◆ TASK DIRECTIONS
Beginning with the line that includes "Предварительный просмотр 32" and ending with the last line of the entries below, set down each line exactly; include no pictures.

═══ INFORMATION

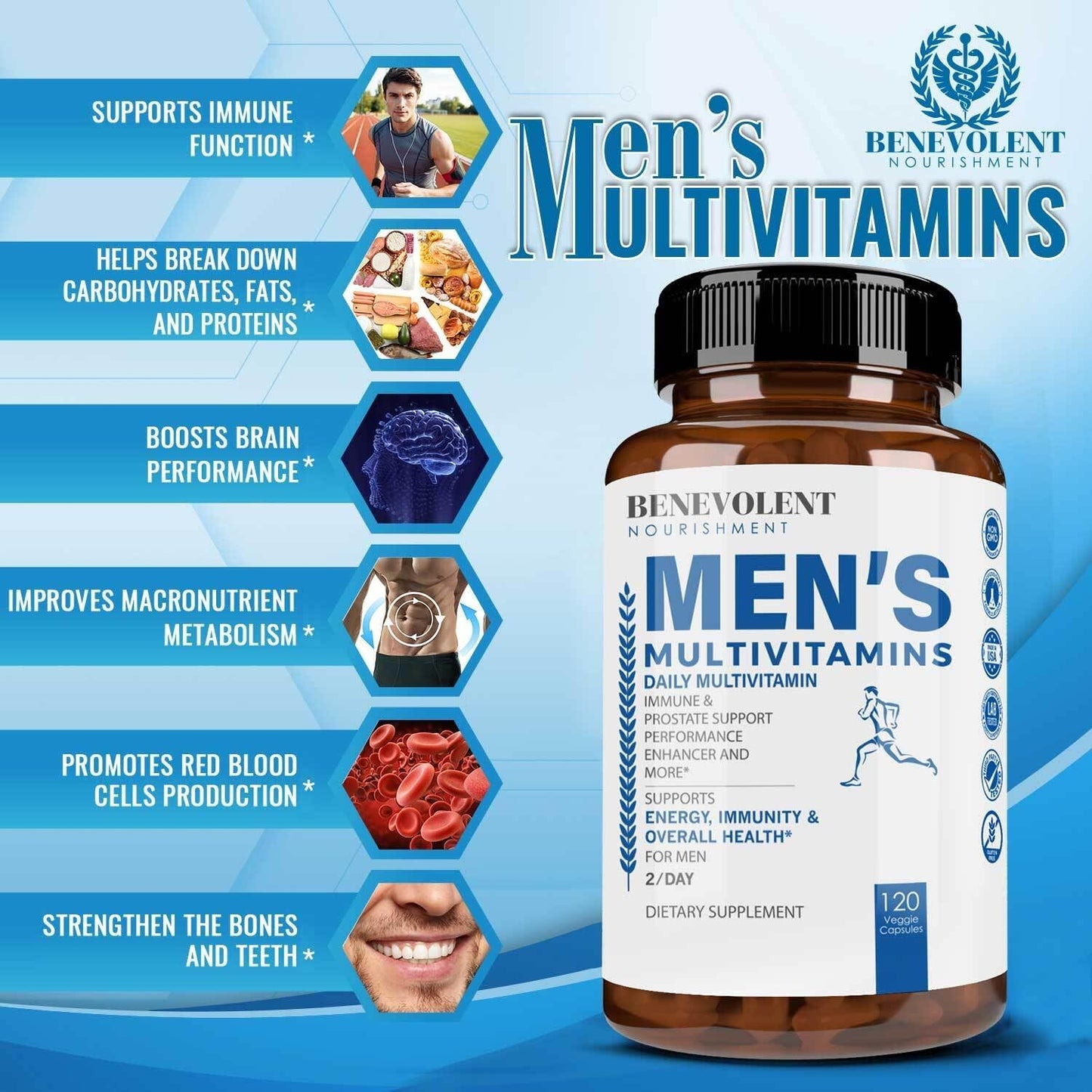 Multivitamin for Men - Supports Energy & Overall Health 120 Caps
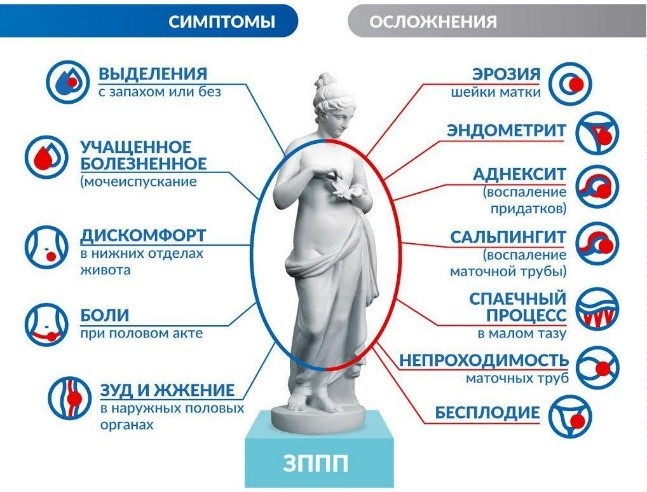 Получение инфекции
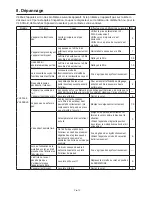 Предварительный просмотр 32 страницы Mitsubishi Electric VL-50ES2-E Operating Instructions Manual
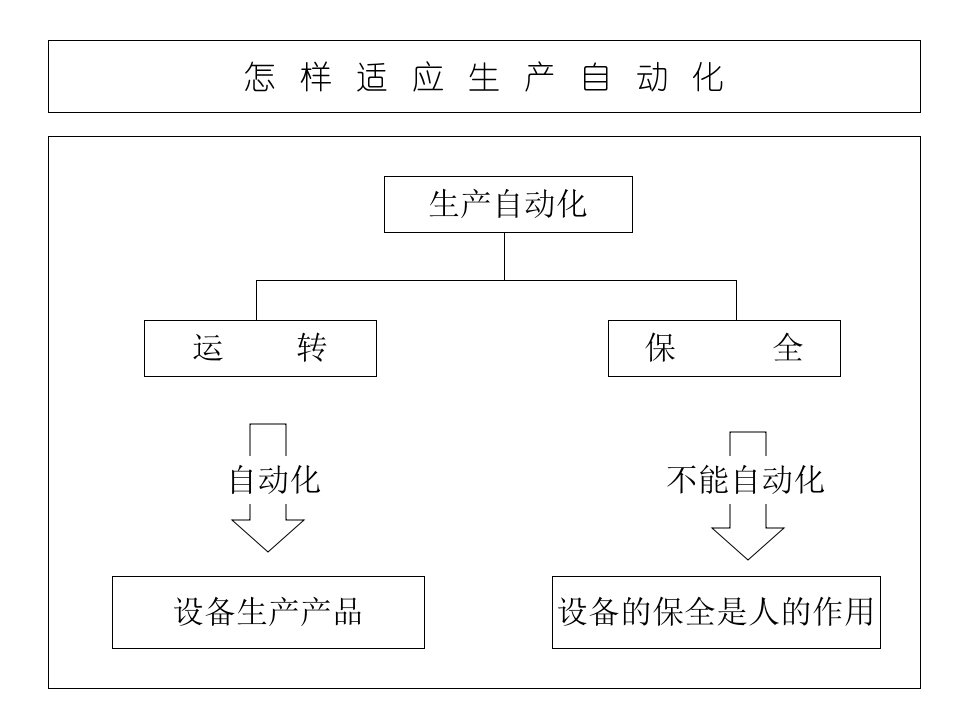 TPM经营管理干部培训教材课件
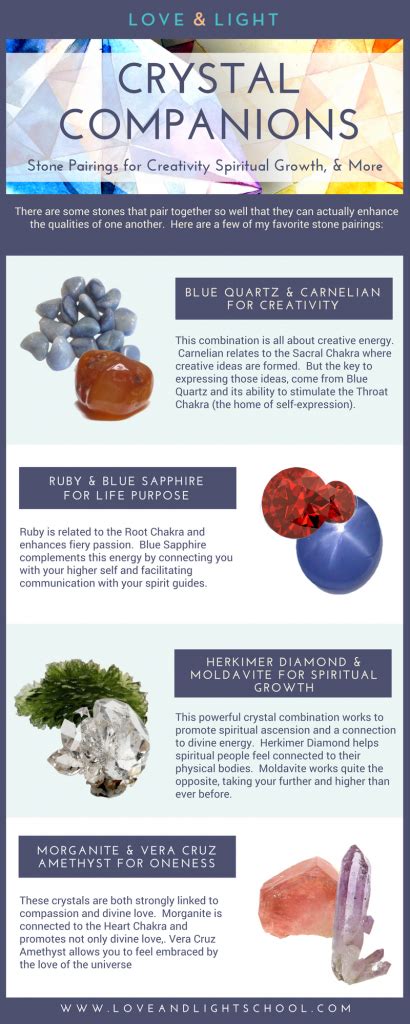 Cleansing and Charging Crystals: Maintaining Their Magical Energy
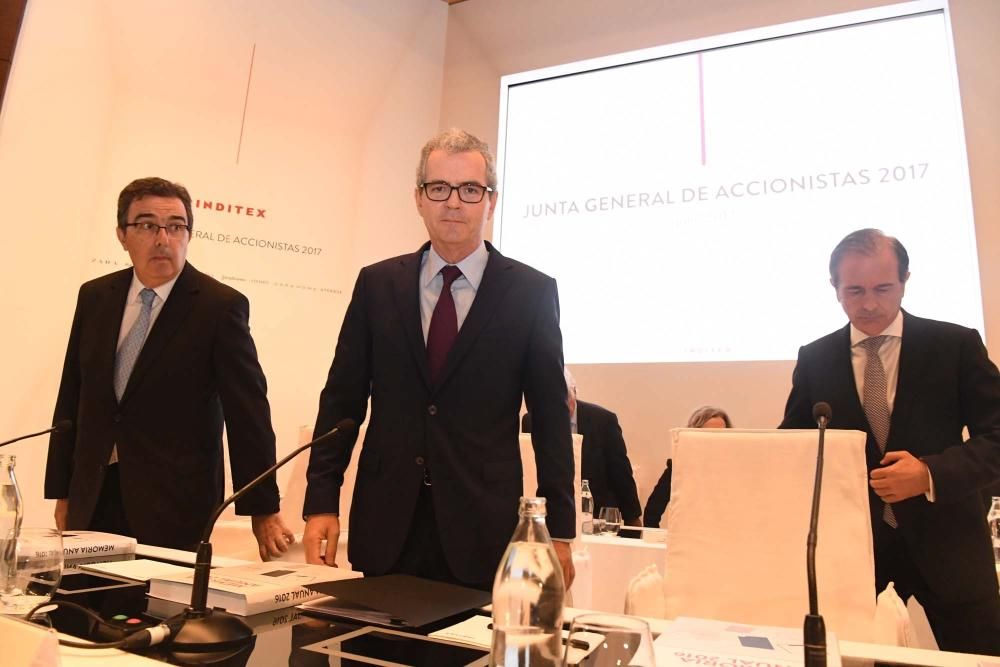 Junta de accionistas de Inditex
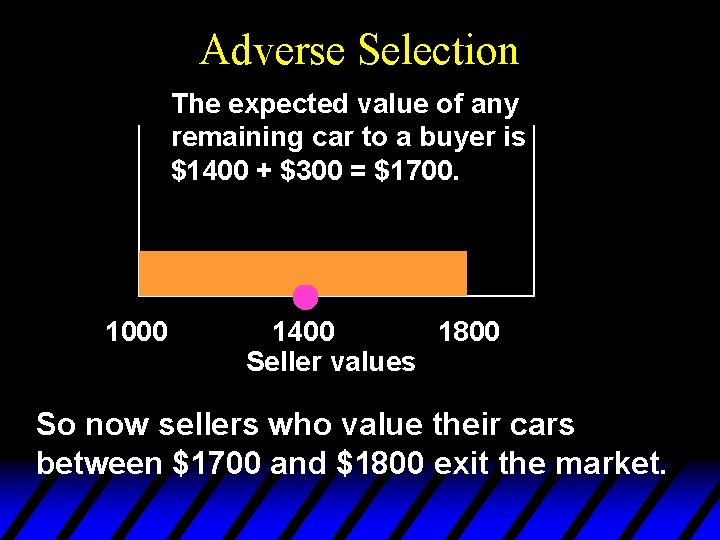 Adverse Selection The expected value of any remaining car to a buyer is $1400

══════

◆ ANSWER TO THE EXERCISE
 Предварительный просмотр 32 страницы Mitsubishi Electric VL-50ES2-E Operating Instructions Manual
 TPM经营管理干部培训教材课件
 Cleansing and Charging Crystals: Maintaining Their Magical Energy
 Junta de accionistas de Inditex
 Adverse Selection The expected value of any remaining car to a buyer is $1400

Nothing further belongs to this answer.